If you are making something with lots of real business rules and have more time, or you expect it to have a long life:

  1. Figure out the tasks of the system, and try to implement those tasks as higher level commands.
  2. Have those higher level commands manipulate low level core classes, and are called from the ui. I have been using the Zend Framework, and I have the controllers call these high level commands, but that is really overkill in most places. I have these classes stored in an Application folder, divided by module (accounting, email, etc).
  3. The lower level classes are held in a Domain folder, which is also split into those same modules as the Application folder. The Domain classes represent the objects being worked on (Email, ClassCredit). These are small, and only do tasks that make sense for that concept.

As for resources to help you further, check out Clean Code by Bob Martin, and Domain-Driven Design (can't post the other link) by Eric Evans. Both books are brilliant, and offer tactical and strategic steps, respectively, to tackling that chaos.


Folder Structure

Zend Framework organizes their classes by functionality and names them as such. For example the class Zend_Controller_Action_Helper_AjaxContext is located at /library/Zend/Controller/Action/Helper/AjaxContext.php.

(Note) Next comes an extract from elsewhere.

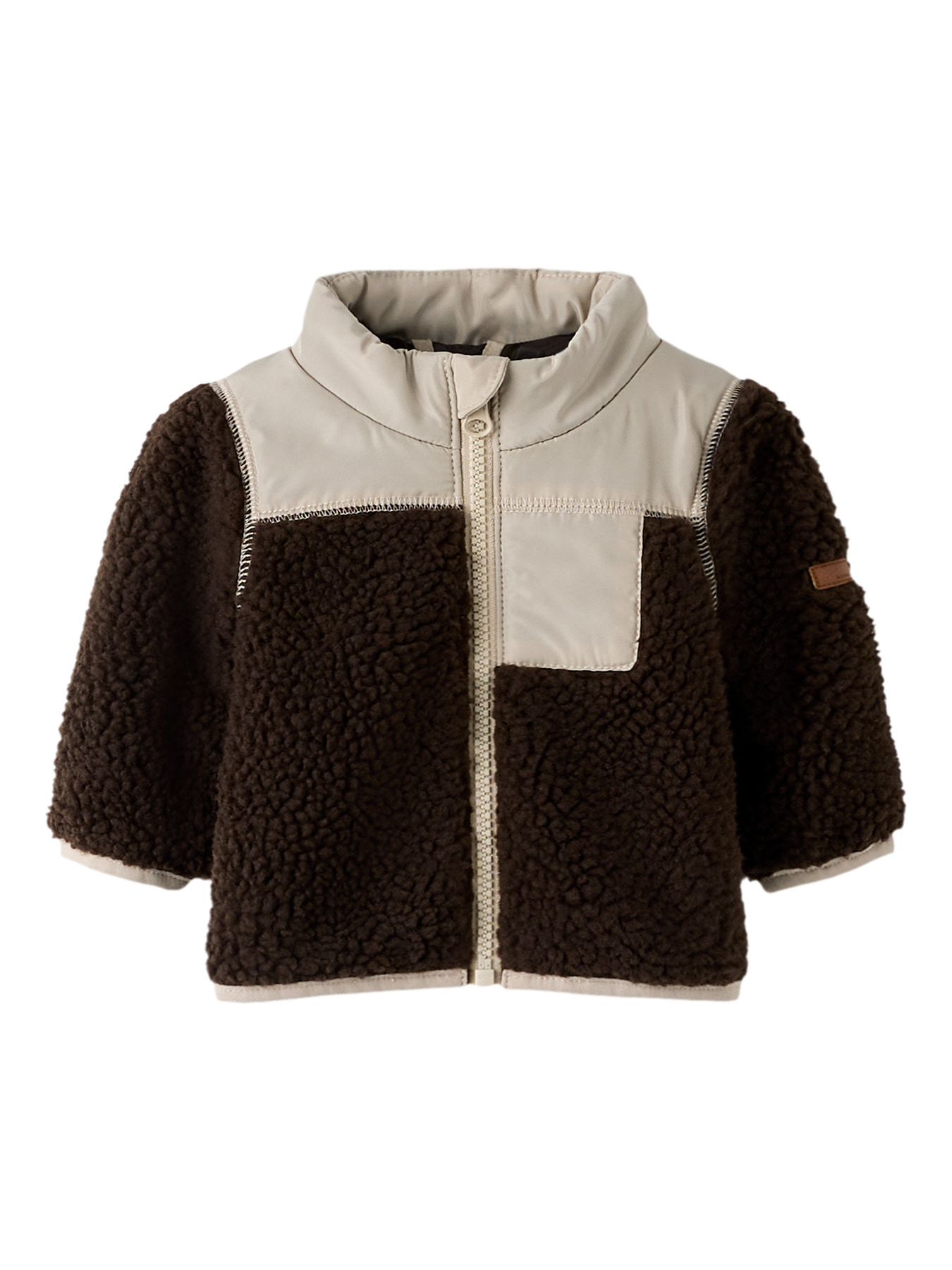 Teddy Jakke Mosie Delicioso - Must-Have til Drenge!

This serves two purposes: Folder organization and logical separation of functionality. You'll always run into the problem of 'remembering what you build` but by applying SRP and placing functionality where it is logically 'most correct' you can cut down on confusion.

IDE

When dealing with a lot of classes an intelligent IDE is essential. Shortcuts that allow a developer to quickly lookup classes, filenames, and methods anywhere in the project make dealing with thousands of classes almost trivial.

Using the same example as above one should be able to find the class in a variety of ways:

  • Looking up the class name. In EclipsePDT it's as easy as ctrl+shift+T to lookup classes (types). (note: I honestly don't know if this is a feature of eclipse or an addition by the PDT plugins).
  • Similarly, you can lookup by filename using ctrl+shift+R (resource).